Your Pet Loss Stories'Thank You Waldo, My Best Friend and Fellow Adventurer'
Waldo's soul has passed on to the other side. As a most loving and gentle soul, he shared almost 7 months with me as a yellow Lab puppy. He loved walking in the fields, playing in the snow, and of course swimming. I felt a special connection with him ever since finding him at a local breeder. Before he was 8 weeks old, I would visit him almost every day and spend time with him playing outside.

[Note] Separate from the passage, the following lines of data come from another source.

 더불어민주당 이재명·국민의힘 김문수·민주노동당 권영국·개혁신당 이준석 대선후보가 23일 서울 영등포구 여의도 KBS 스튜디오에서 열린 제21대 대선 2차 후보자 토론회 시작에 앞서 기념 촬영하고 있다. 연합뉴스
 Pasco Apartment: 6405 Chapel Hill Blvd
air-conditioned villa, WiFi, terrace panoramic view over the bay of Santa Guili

Together, we traveled across the county in search of a fulfilling life and work that would allow him to be happy and safe throughout the day. We met some friends and lived in an area where there are nice spaces to run and meet other dogs. He was always happy to explore and most appreciative of my love. We were working to find our way together and he blessed me with inspiration and courage to pursue my dreams while raising him with the attention required. He was very smart, well-behaved, and receptive to training from me.
After a while I began working at a site where I could take Waldo to work and he could be inside or outside. I did not take him every day, and a friend took care of him while I was out. He seemed to like going with me, and I enjoyed him presence while knowing that it was good that we spent the whole day together. He came several days before the accident. I made the fatal mistake of leaving him loose outside while I was in the small office working. Suddenly, I heard a brief cry then ran over to find him passing away due to being hit only slightly in the neck by a company truck. He was sleeping under the driver side of the truck and an employee did not see him before beginning to backup. He did not suffer for long. Waldo and I shared many great experiences and love, though sadly, his life only lasted for 7 months.

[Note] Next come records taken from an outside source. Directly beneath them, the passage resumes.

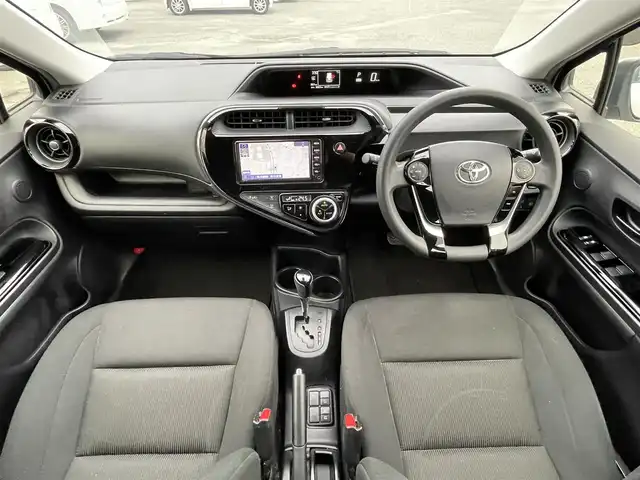 トヨタ アクア 山梨県 2018(平30)年 9.2万km ホワイトパールクリスタルシャイン (株)IDOMが運営する【じしゃロン甲府店】の自社ローン専用車両になります。/こちらは現金またはオートローンご利用時の価格です。自社ローンご希望の方は別途その旨お申付け下さい/純正SDナビ/・型式　NSCN-W68/TV・CD・BT接続/バックカメラ/ETC/レーンキープアシスト/スマートキーｘ２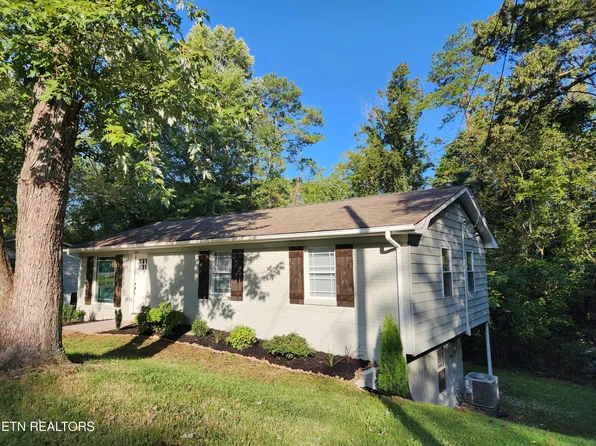 1305 Topside View Dr, Maryville, TN 37803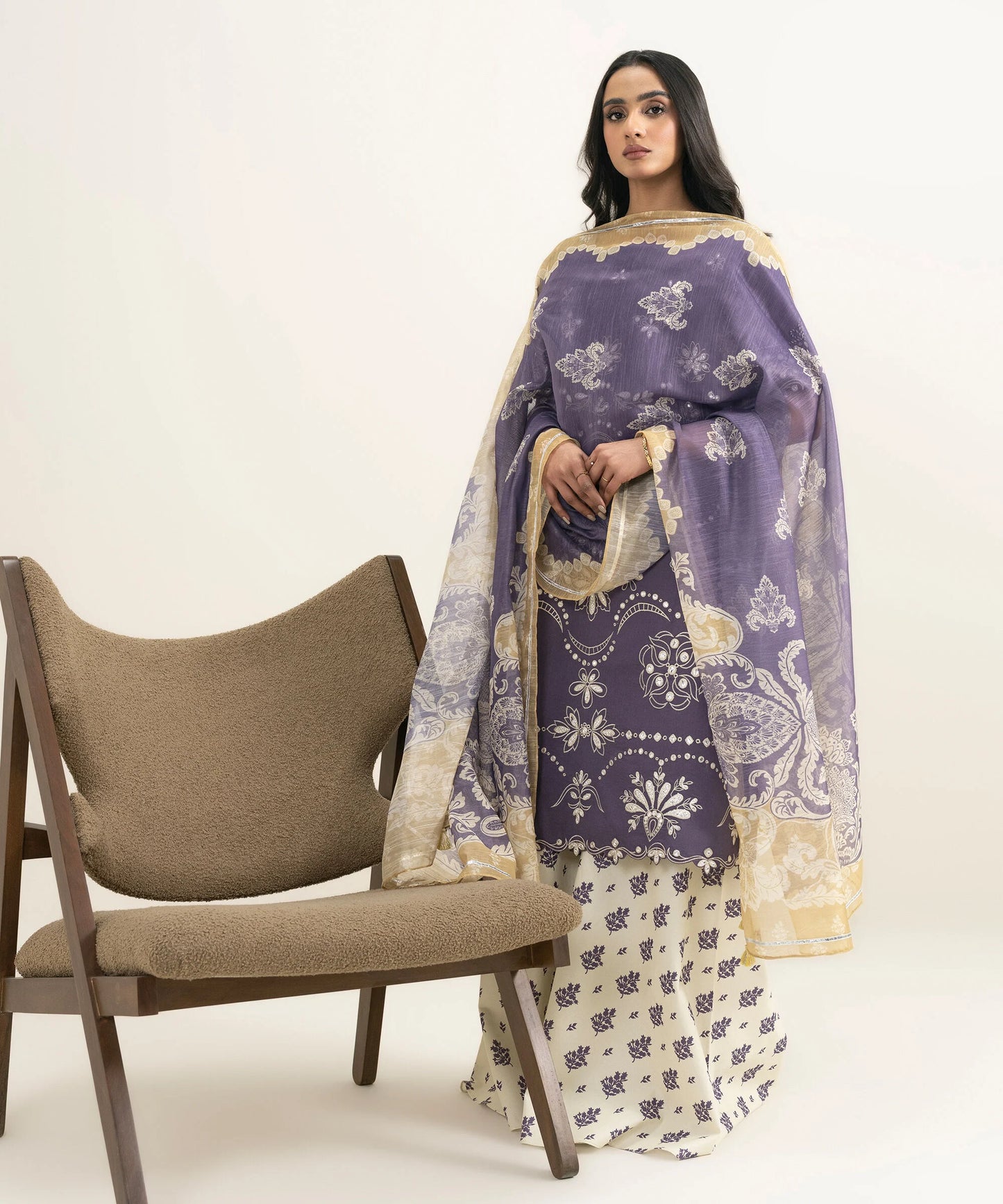 Sapphire Embroidered Lawn Three Piece Suit SP-LWN-PRP018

It was entirely my responsibility to keep him safe and I mistakenly and ignorantly turned my back on this. His health, happiness, and safety were always my first priority. I miss Waldo so much and in so many ways. I miss seeing him happy while playing with me or other dogs, sitting and cuddling, and how he would await his meals. I am incredibly grateful for everything we shared.

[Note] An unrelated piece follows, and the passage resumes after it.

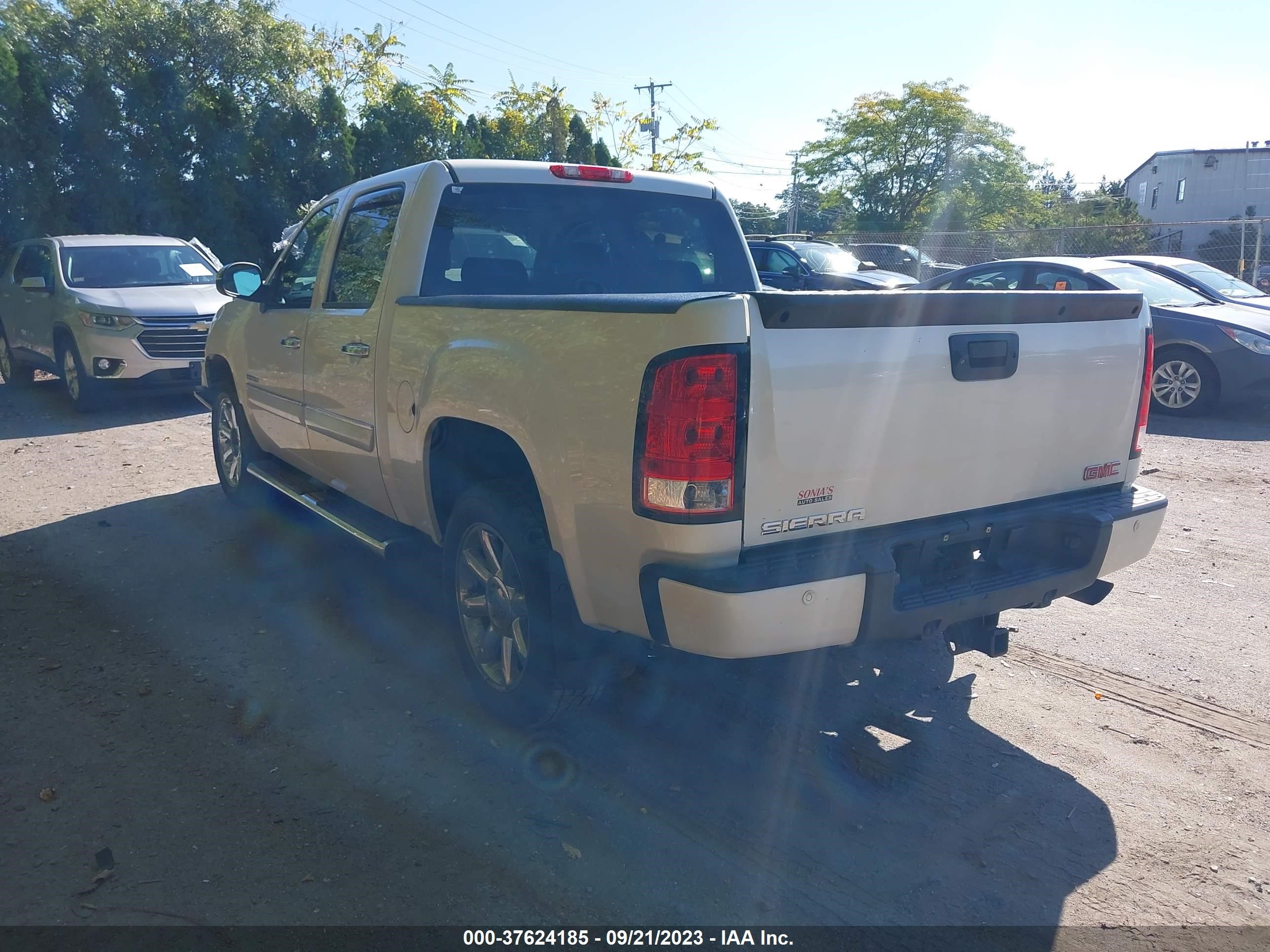 Photo 2 VIN: 3GTP2XE20DG289572 - GMC SIERRA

The accident happened almost two months ago and I feel a lot of grief and regret over the loss and my lack of attention. The best thing we can do in such situations, I am finding, is to feel all the emotions as they come while striving to replace any negative emotion with love, gratitude, and appreciation. I believe that humans and animals both have immortal souls, and that the lives we are experiencing now are only a portion of our soul's experiences. Physical death leads to the soul's migration elsewhere and then new life.
I pray that I am sending thoughts and feeling that Waldo's soul is receptive of, which comfort him, and which the Universe acknowledges. If you wish to share life and love again with me, Waldo, I would be most appreciative and excited to give you a happy, long life. I love you and I miss you.